Arriving at Black Dog for the launch event, things got off to a great start with a welcome Bellini. Our hosts explained that the classes come in three themes: ‘Studio 54’, ‘Boardwalk’, and ‘Poco Loco’, each with its own selection of drinks and featuring a mix of classics and more unusual concoctions. There were demonstrations of each theme running simultaneously.
We grabbed a stool at the bar where the ‘Studio 54’ masterclass was being showcased. The class is named after the legendary late ’70s New York nightclub where Rick James once punched Eddie Murphy’s brother in the head. Accordingly, the theme has a retro New York flavour. After watching a couple of Espresso Martinis and Manhattans being made, it was my turn behind the bar. I chose to make a New York Sour, which I’m told was actually invented in Chicago. The barman talked me through the process: a couple of shots of bourbon, some sugar syrup, lemon juice, and bitters all shaken twice, both with and without ice. So far, that’s a pretty standard Whisky Sour. What makes it a New York Sour is a glug of red wine. The resultant drink, garnished with a slice of lemon, was very good. You might have heard that you aren’t supposed to mix the grape and the grain, but the combination of whisky and wine makes for a delicious combination of sourness, sweetness, and astringency.
Next, like some kind of moth, I found myself drawn to the flickering flames on the other side of the room. This turned out be the demonstration of ‘Poco Loco’, a ‘south of the border’ themed class (that’s Mexico, not Stockport). While waiting to make a drink, I sipped on a Hurricane: a fruity rum drink that looked like a caricature of a cocktail sipped on a tropical beach. It even had a giant straw and a big slice of pineapple in. When my turn came, I went for a Flaming Tequila Sunrise. Following instructions, I layered grenadine, orange juice, and chucked in some syrup and tequila. The fun bit came last, with the ignition of a sugar cube placed on half a lime and soaked in Wray and Nephew overproof rum (63% ABV!). The floating, flaming garnish looked awesome. Sensibly, the safety-conscious barman recommended extinguishing before attempting to drink.
Determined to leave no stone unturned in my quest to drink more cocktails, I headed round the corner to check out ‘the Boardwalk’. This class is supposed to hark back to that time when the USA decided to ban booze but people kept drinking anyway, also known as Prohibition. The cocktails here are strong and old school but with a classy feel. I made a New Orleans Sazerac, a short drink a little like a Negroni and consisting of a potent mixture of Absinthe, syrup, rye whiskey, and bitters, and served over cubed ice.

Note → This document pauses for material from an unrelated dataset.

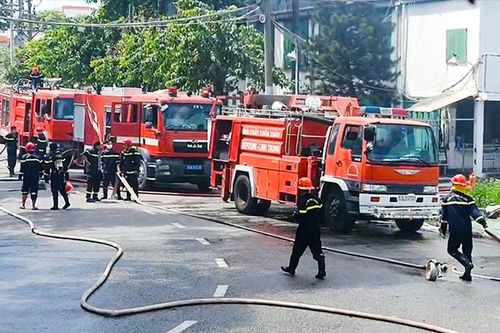 Công ty ở TP. Thủ Đức cháy lớn sau tiếng nổ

After this, we convinced our barman Josh to go off piste and to make us a cocktail of his own creation. He made us a remix of a classic Italian cocktail in the form of the ‘Obi Wan Negroni’, which he had dreamt up in honour of the release of the new Star Wars film. I don’t even like Star Wars, but I know a good pun when I see one. The drink was bloody good, too.
Not only are Black Dog’s barfolk helpful and friendly, they clearly know their drinks and how to mix them, even beyond the confines of their masterclass menus. Black Dog’s masterclasses are £25 per head, which makes it a bit more expensive than a trip to JD Wetherspoon. However, good cocktails always cost a bit more, and at Black Dog NWS you have the added bonus of getting behind the bar and learning about the drinks in the process.
One word of warning: if you ask your housemate where ‘Black Dog NWS’ is and he says, ‘Northern Quarter’, ignore him. It’s on New Wakefield Street, near Oxford Road Station. If, like I did, you take this advice, you might find yourself steaming across Manchester so that you don’t miss your cocktail class. On the other hand, arriving out of breath after a 20-minute power walk is a good way to work up a thirst.